OpenAI unveiled new parental controls for ChatGPT following a lawsuit from Adam Raine’s parents.
The 16-year-old died by suicide in April, and his parents sued OpenAI and CEO Sam Altman.
They claimed ChatGPT fostered a psychological dependence, encouraged Adam’s planning, and even produced his suicide note.
OpenAI promised to release new parental tools within a month, enabling adults to supervise children’s ChatGPT use.
The company explained that parents could link accounts, control accessible features, and review chat history and stored memory.
OpenAI also announced that ChatGPT would alert parents if it detected signs of acute distress in teens.
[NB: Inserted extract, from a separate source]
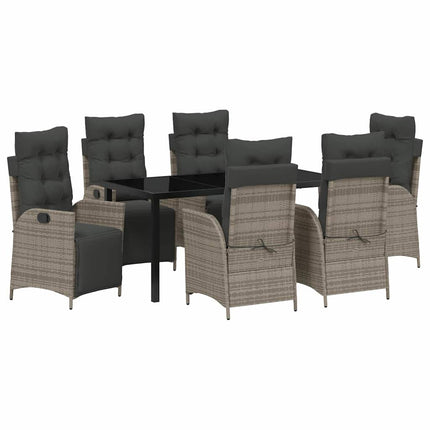 Trädgårdsmöbelset med kudde 7 pcs Grå konstrotting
The company admitted it had not defined what would trigger alerts but stressed expert guidance would shape the system.
Critics question OpenAI’s response
Jay Edelson, attorney for Adam Raine’s parents, dismissed the announcement as vague and insufficient.
He accused OpenAI of deflecting responsibility with “crisis management” rather than addressing safety concerns directly.
Edelson demanded that Sam Altman either declare ChatGPT safe or withdraw it from the market immediately.
Tech giants face wider scrutiny on teen safety
Meta also introduced restrictions, blocking its chatbots from discussing self-harm, eating disorders, or inappropriate relationships with teenagers.
Meta said its chatbots would instead direct vulnerable users toward expert resources while maintaining existing parental controls.
A RAND Corporation study published in Psychiatric Services highlighted flaws in ChatGPT, Gemini, and Claude’s suicide responses.
The researchers called for stricter safety benchmarks, clinical testing, and enforceable standards for AI companies.
Lead author Ryan McBain praised new parental controls but warned they remain incremental without independent oversight.